* Records supplied:
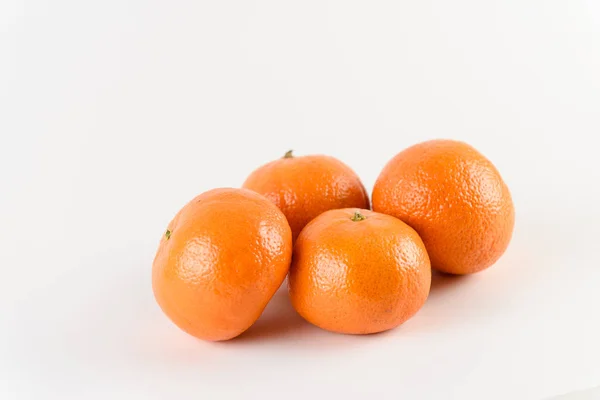 Mandarín sobre fondo blanco. Cítricos. Comida sana y fresca. Fruta naranja con vitamina — Foto de Stock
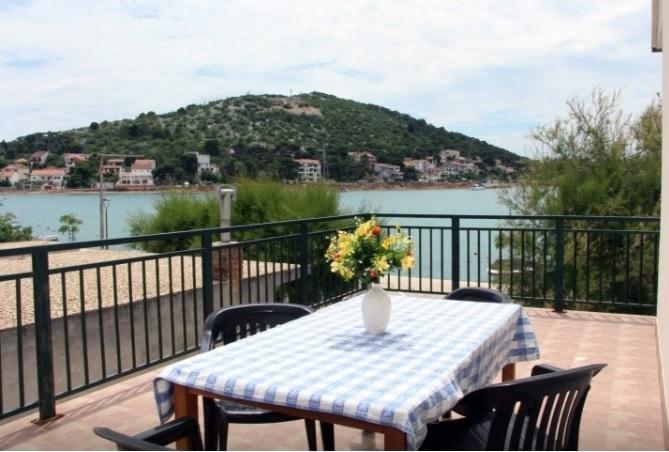 Waterfront Apartments Tisno Dış mekan fotoğraf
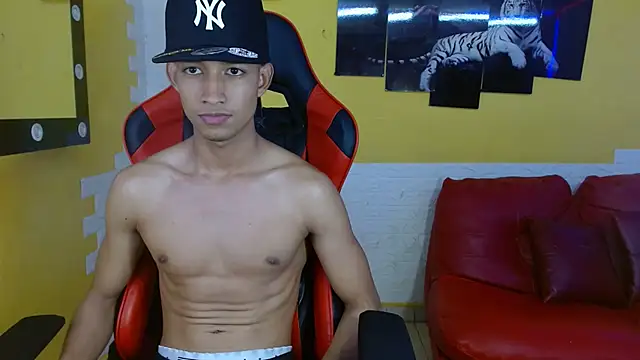 Snapshot of jose_sexycumm chatting on March 2025 10:55:02 PM jose sexycumm online show from March 2025 10:55:02 PM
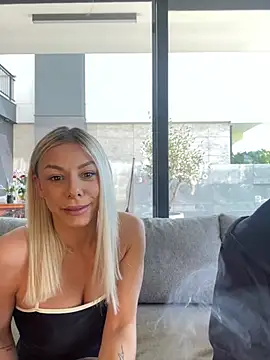 SexOnMyLvL online show from April 11, 11:03 am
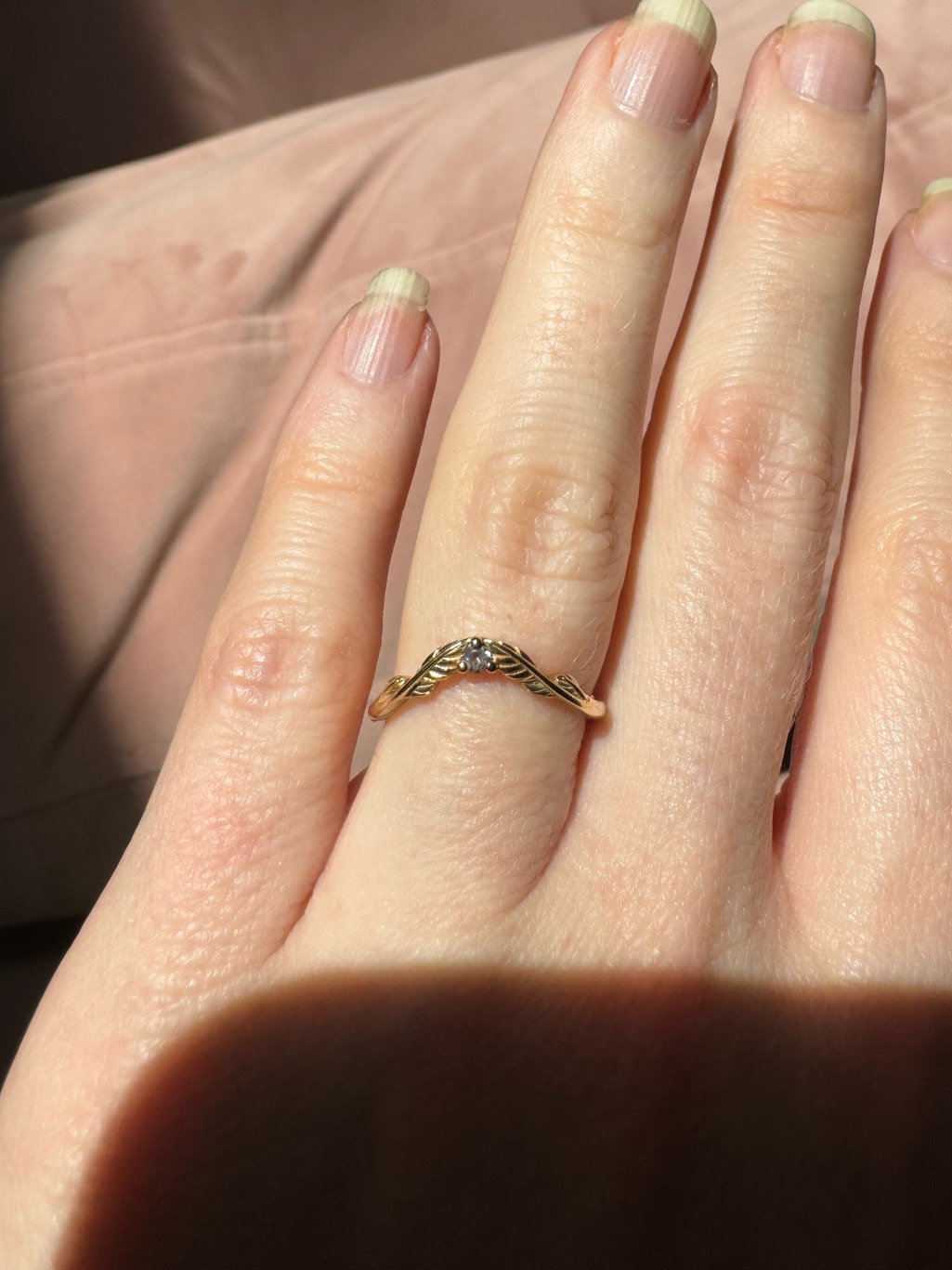 Unique 14k Solid Gold Ring Leaf Vine Curved Band With Lab Alexandrite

* What is expected:
Copy the entries exactly. No pictures.

* Answer section:
 Mandarín sobre fondo blanco. Cítricos. Comida sana y fresca. Fruta naranja con vitamina — Foto de Stock
 Waterfront Apartments Tisno Dış mekan fotoğraf
 Snapshot of jose_sexycumm chatting on March 2025 10:55:02 PM jose sexycumm online show from March 2025 10:55:02 PM
 SexOnMyLvL online show from April 11, 11:03 am
 Unique 14k Solid Gold Ring Leaf Vine Curved Band With Lab Alexandrite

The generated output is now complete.